Data
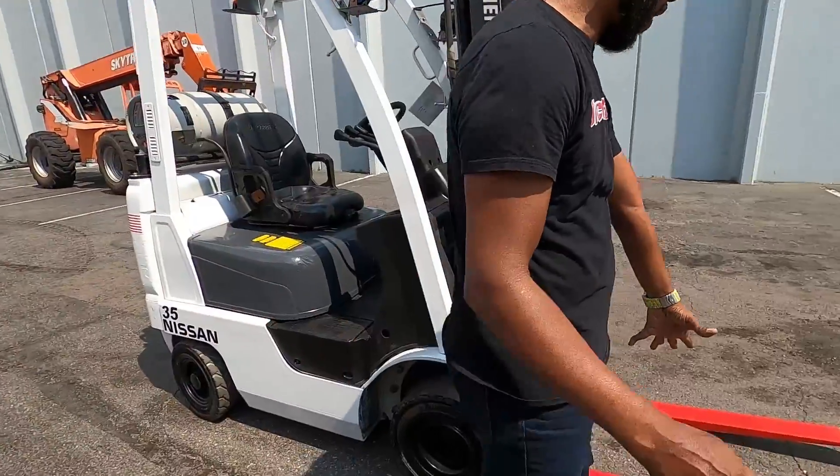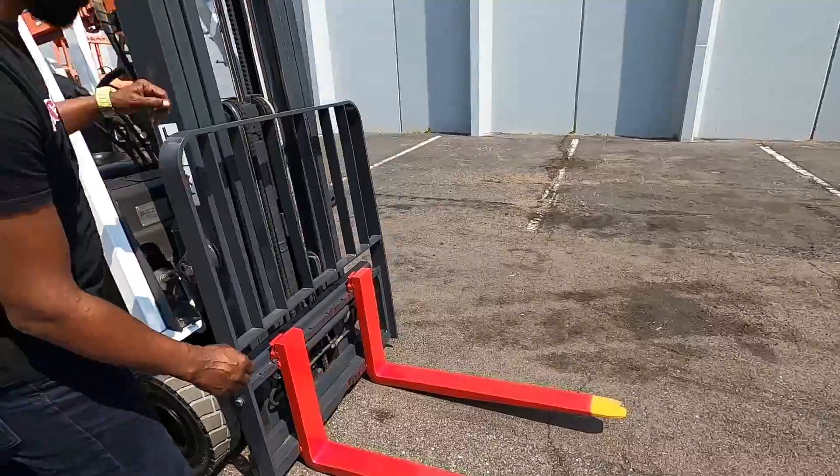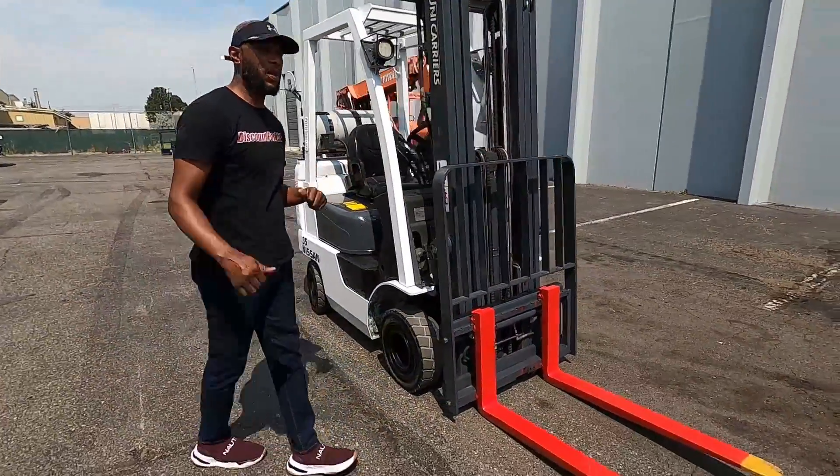We got your safety stripe painted forks here, so you can see that there. We got the side shift. I'm going to go ahead and jump on and show you how this baby operates.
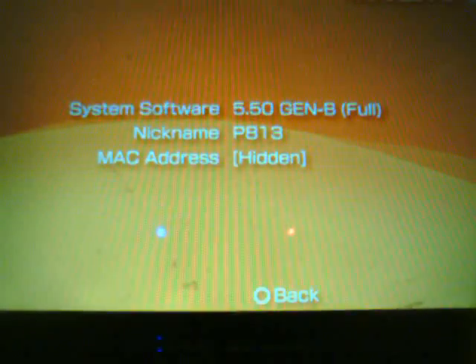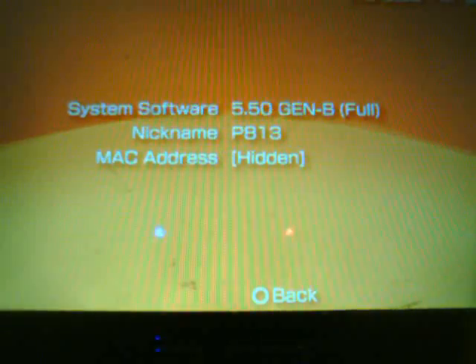First things first — back to the PSP real quick. Here's the PSP. You need to be on custom firmware 5.50 GEN-B Full in order to do this. As you can see, that's my firmware right now. So we're just going to go back.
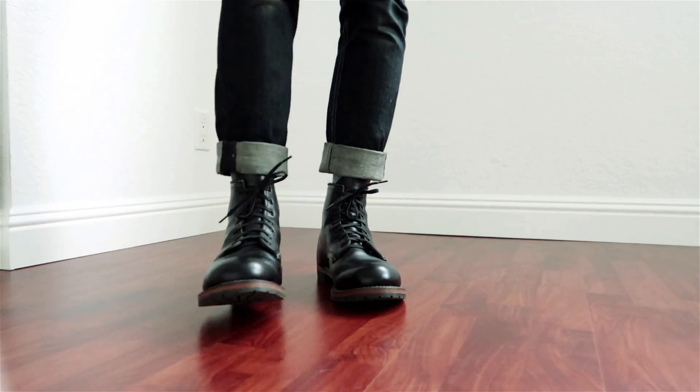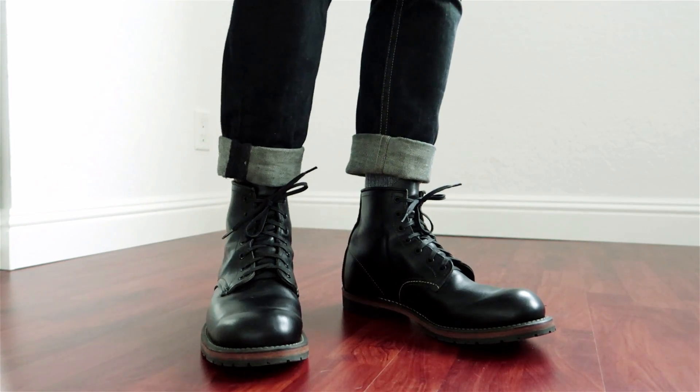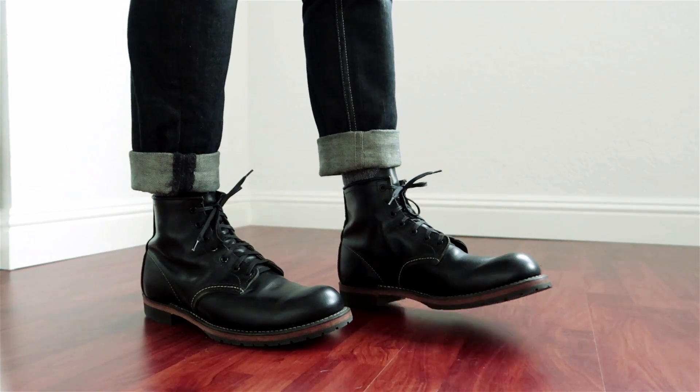What I like most about these black Beckmans are the white stitching and the contrasting leather midsole. These are subtle features, but I think they add something nice to these boots.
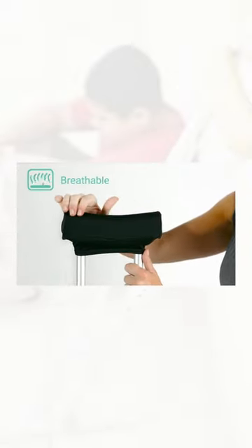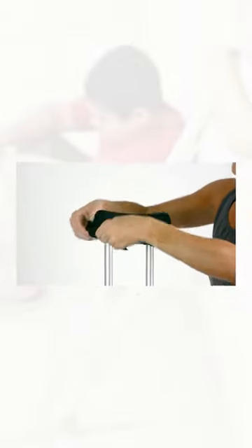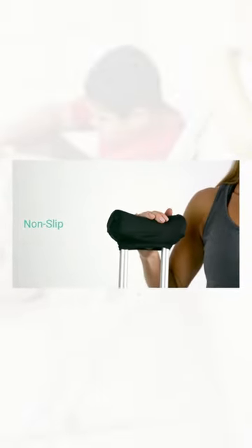They're covered with a breathable, moisture-wicking material that will not cause excessive wear on clothing. The stretchable pads easily attach to standard adult and youth crutches with extra-strength Velcro straps for a secure, non-slip fit.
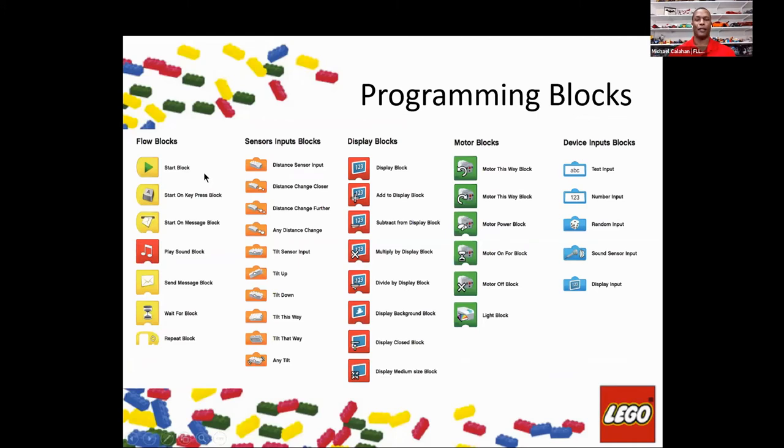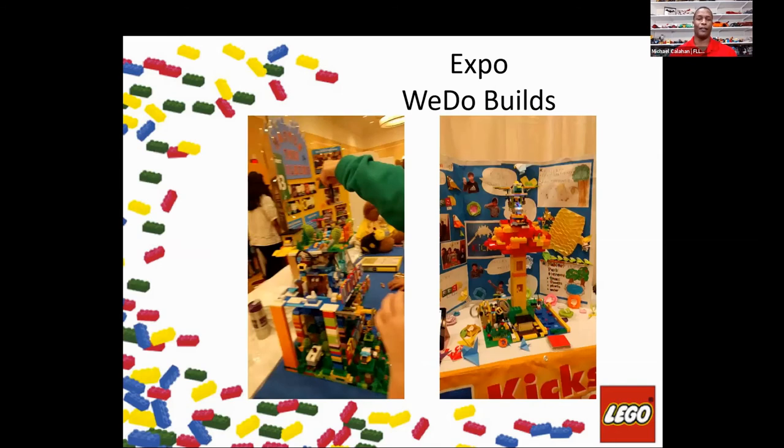Here are the coding blocks available for the WeDo 2.0. You can arrange these in any pattern as long as they're connected correctly — motor connections, speed, wait states, sound inputs, display inputs for background effects, and number inputs. Please don't stop at basic coding — add on additional coding. A lot of students like to build with LEGO elements, but give them equal opportunity to build with the coding as well. That is equally as important for expanding their knowledge.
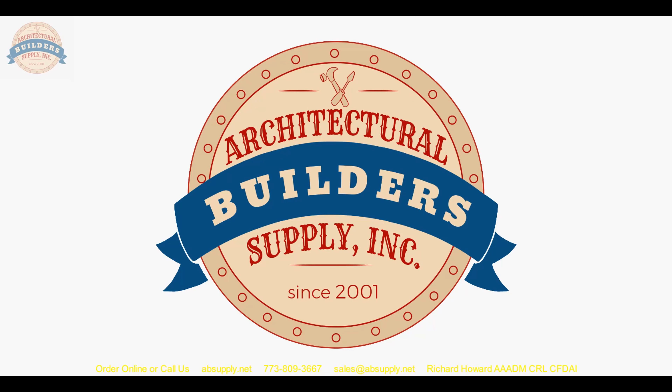Architectural Builders Supply hopes you have enjoyed this program. Thank you for watching. If you've enjoyed this video, please click thumbs up, subscribe, and maybe even send the video to someone that you know.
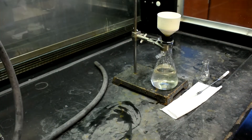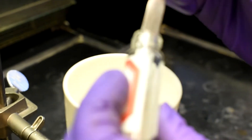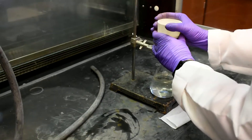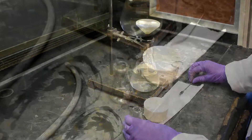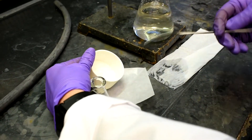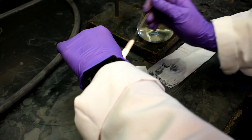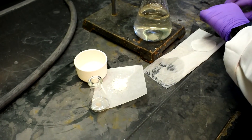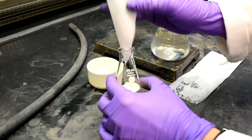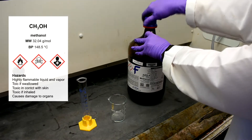Remove the vacuum trap prior to turning off the vacuum. Reserve about 5mg of the crude product in a vial for TLC analysis. Next, a recrystallization will be performed to further purify our product. Transfer the product from the filter paper to a 25ml Erlenmeyer flask, making sure to get as much of the solid from the filter paper as you can.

Assignment
Produce an exact copy of only those lines that run from the line with "Here are the" to the final line of the records, including both; exclude images.

Exercise result
Here are the coding blocks available for the WeDo 2.0. You can arrange these in any pattern as long as they're connected correctly — motor connections, speed, wait states, sound inputs, display inputs for background effects, and number inputs. Please don't stop at basic coding — add on additional coding. A lot of students like to build with LEGO elements, but give them equal opportunity to build with the coding as well. That is equally as important for expanding their knowledge.
Architectural Builders Supply hopes you have enjoyed this program. Thank you for watching. If you've enjoyed this video, please click thumbs up, subscribe, and maybe even send the video to someone that you know.
Remove the vacuum trap prior to turning off the vacuum. Reserve about 5mg of the crude product in a vial for TLC analysis. Next, a recrystallization will be performed to further purify our product. Transfer the product from the filter paper to a 25ml Erlenmeyer flask, making sure to get as much of the solid from the filter paper as you can.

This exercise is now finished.